On August 15, 2017, we responded to a letter from Bill Shuster, Chairman of the House Committee on Transportation and Infrastructure, and Frank L. LoBiondo, Chairman of the Aviation Subcommittee, requesting that we review the Federal Aviation Administration’s (FAA) benefits projection in its July 2016 Next Generation Air Transportation System (NextGen) Business Case. In its business case, FAA projected that NextGen will deliver about $161 billion in benefits by 2030, of which the Agency states that $2.7 billion has already been delivered to airspace users and the traveling public. At the Chairmen’s request, we provided information on the: (1) programs FAA included as NextGen programs and whether projected benefits represent a realistic assessment, (2) assumptions behind FAA’s benefits calculations, and (3) various groups FAA assumes will benefit and how the benefits are valued.
 
Specifically, we found that FAA’s benefits estimate is overly optimistic given past experience with introducing new capabilities and the use of out-of-date schedules for some key projects. The majority of FAA’s estimates are for new capabilities that have not yet been implemented, and some new capabilities continue to face challenges in delivering benefits to airspace users. In addition, while FAA recognizes that the key assumptions behind its benefits calculations are aggressive, the Agency does not provide alternative outcomes or adjust for risks that may impact the delivery of benefits to airspace users. Further, FAA relies heavily on valuing the time saved by passengers to make a positive business case for NextGen.

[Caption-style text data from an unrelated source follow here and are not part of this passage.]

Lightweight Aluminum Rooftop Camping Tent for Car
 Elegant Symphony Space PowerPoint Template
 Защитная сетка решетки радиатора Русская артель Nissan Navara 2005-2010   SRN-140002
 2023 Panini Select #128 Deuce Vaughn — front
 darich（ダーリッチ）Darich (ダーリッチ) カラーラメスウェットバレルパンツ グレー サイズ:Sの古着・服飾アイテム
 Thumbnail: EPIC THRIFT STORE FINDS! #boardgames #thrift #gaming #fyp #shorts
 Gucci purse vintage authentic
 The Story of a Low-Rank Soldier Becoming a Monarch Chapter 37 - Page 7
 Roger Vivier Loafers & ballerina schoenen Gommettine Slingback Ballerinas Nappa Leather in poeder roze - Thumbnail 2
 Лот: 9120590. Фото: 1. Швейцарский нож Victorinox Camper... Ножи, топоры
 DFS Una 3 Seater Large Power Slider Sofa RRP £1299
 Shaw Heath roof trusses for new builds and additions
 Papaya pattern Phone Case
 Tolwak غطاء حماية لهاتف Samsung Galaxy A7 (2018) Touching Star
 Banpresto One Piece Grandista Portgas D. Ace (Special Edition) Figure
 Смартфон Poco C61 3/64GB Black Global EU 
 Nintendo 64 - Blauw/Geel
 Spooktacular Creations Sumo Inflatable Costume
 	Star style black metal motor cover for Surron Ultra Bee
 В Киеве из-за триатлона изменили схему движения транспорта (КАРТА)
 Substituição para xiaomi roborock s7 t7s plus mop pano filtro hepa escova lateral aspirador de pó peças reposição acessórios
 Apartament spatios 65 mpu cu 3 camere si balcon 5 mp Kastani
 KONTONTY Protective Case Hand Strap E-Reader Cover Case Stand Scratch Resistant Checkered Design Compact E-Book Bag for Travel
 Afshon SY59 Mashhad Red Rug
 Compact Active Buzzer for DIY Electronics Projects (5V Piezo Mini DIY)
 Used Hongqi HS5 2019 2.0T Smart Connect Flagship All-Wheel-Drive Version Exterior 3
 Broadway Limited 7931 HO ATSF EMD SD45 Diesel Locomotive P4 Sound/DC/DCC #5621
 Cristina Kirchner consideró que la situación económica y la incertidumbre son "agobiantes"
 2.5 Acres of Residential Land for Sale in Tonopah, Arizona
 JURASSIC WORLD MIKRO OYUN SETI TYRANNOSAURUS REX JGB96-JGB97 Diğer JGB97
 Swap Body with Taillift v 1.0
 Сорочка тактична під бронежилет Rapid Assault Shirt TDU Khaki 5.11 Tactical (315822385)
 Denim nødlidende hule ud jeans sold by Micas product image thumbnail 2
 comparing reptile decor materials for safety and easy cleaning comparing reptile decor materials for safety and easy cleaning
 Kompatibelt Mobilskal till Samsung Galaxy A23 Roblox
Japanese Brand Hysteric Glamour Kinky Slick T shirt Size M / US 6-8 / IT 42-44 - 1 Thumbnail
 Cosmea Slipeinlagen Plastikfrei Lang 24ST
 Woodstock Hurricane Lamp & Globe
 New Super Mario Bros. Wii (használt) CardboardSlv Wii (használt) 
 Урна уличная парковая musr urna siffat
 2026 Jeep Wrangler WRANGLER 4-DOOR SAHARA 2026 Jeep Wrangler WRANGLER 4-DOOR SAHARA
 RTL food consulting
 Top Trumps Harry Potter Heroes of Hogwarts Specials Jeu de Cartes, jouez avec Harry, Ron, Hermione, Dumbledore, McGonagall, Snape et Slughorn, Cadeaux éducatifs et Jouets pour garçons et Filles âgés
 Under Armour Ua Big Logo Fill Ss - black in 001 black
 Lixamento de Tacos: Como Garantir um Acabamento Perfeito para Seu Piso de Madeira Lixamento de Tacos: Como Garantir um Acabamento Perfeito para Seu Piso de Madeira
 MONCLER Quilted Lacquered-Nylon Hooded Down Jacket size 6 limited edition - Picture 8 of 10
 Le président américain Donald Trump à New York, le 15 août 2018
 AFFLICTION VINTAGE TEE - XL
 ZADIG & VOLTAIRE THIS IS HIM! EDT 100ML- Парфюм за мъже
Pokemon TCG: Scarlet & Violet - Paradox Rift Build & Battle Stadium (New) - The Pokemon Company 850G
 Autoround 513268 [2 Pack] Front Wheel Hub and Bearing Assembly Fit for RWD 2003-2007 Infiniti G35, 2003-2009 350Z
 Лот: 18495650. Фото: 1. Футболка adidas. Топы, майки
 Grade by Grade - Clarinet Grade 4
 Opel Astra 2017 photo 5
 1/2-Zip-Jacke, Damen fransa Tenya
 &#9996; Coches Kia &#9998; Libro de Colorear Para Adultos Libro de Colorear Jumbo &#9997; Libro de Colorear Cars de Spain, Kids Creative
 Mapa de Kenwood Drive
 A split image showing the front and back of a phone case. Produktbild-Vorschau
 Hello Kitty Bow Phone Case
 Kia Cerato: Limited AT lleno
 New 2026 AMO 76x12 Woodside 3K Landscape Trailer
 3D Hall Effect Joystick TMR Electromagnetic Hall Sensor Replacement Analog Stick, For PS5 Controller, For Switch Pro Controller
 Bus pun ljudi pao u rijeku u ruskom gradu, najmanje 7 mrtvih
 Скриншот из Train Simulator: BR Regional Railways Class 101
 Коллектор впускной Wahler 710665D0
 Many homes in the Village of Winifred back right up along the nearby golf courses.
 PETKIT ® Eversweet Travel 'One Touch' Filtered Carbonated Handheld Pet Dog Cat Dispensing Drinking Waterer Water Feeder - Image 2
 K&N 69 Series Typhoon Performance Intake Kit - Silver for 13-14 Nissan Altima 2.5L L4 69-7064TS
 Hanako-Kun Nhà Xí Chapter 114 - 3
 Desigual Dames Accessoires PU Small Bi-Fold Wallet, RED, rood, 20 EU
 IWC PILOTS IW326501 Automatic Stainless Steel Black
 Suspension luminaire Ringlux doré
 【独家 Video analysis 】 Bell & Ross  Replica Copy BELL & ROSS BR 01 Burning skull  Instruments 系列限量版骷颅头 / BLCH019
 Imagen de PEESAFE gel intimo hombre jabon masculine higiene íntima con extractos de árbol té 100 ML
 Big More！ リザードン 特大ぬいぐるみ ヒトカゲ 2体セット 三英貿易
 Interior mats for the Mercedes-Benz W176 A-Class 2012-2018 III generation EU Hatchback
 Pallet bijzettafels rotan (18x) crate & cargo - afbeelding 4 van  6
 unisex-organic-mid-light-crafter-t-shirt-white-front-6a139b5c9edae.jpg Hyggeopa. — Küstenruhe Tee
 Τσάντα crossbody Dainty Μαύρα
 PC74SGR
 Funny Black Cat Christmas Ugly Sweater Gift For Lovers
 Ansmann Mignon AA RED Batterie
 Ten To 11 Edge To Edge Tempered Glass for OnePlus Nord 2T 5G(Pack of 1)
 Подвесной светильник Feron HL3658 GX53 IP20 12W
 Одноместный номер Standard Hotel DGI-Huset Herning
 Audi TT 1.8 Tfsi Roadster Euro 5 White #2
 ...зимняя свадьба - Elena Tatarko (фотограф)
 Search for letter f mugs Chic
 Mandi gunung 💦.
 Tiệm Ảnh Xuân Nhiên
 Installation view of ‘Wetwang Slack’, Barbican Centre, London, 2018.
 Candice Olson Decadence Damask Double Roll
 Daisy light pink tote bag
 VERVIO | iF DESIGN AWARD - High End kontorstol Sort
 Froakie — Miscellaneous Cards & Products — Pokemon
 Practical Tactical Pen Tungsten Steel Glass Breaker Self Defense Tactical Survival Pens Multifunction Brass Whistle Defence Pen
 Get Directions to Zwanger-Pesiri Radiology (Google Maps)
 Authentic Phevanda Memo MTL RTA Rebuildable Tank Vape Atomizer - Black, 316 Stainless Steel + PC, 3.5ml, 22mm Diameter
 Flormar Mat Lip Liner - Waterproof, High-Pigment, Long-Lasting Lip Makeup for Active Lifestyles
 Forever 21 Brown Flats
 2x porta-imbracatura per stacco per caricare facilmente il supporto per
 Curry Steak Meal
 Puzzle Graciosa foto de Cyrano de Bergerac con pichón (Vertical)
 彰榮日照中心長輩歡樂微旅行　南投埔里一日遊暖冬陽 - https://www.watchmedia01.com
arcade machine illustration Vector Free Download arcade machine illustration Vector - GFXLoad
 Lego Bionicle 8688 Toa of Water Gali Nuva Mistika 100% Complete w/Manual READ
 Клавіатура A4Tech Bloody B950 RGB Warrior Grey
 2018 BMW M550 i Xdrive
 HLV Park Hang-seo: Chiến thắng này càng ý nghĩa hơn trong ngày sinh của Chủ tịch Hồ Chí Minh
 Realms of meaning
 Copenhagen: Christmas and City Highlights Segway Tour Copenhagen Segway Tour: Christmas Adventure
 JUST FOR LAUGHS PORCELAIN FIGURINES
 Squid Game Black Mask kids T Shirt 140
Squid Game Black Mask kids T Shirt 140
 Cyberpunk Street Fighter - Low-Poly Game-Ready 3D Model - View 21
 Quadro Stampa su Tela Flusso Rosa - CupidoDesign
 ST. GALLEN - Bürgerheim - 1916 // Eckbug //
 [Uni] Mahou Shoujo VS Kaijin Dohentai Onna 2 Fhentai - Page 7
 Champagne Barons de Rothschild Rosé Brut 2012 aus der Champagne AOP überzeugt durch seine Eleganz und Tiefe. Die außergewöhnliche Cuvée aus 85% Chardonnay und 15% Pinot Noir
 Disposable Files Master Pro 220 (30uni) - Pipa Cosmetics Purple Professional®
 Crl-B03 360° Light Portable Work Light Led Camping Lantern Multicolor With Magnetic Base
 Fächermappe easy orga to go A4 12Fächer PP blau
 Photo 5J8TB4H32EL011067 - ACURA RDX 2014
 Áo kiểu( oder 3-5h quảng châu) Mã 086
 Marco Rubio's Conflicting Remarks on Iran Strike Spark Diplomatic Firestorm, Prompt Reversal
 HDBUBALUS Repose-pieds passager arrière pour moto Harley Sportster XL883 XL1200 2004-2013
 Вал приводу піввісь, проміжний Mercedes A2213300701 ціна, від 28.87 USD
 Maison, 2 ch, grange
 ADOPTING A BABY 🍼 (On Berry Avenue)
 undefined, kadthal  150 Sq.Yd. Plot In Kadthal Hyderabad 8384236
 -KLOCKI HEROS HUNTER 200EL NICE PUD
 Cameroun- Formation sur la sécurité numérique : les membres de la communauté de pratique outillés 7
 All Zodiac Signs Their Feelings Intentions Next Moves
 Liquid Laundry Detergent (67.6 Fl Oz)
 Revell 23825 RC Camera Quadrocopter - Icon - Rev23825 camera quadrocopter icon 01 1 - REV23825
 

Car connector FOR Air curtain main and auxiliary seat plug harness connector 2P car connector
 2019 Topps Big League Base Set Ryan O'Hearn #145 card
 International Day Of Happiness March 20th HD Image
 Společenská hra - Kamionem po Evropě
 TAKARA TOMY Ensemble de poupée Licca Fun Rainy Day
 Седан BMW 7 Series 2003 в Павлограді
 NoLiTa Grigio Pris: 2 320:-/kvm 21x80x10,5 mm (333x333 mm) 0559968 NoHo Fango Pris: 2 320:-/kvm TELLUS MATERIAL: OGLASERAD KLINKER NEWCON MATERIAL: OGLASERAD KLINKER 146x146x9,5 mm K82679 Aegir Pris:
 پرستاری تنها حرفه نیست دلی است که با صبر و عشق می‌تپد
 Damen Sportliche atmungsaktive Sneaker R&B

While this is a generally accepted practice, some airline representatives are concerned that reporting benefits in one, broad category makes it appear that airlines are receiving more substantial benefits than they actually have achieved. FAA officials also noted that the business case does not include all capabilities that they expect will produce benefits but have yet to be quantified. As a result, FAA’s business case does not communicate the range of uncertainty or complex factors associated with NextGen implementation.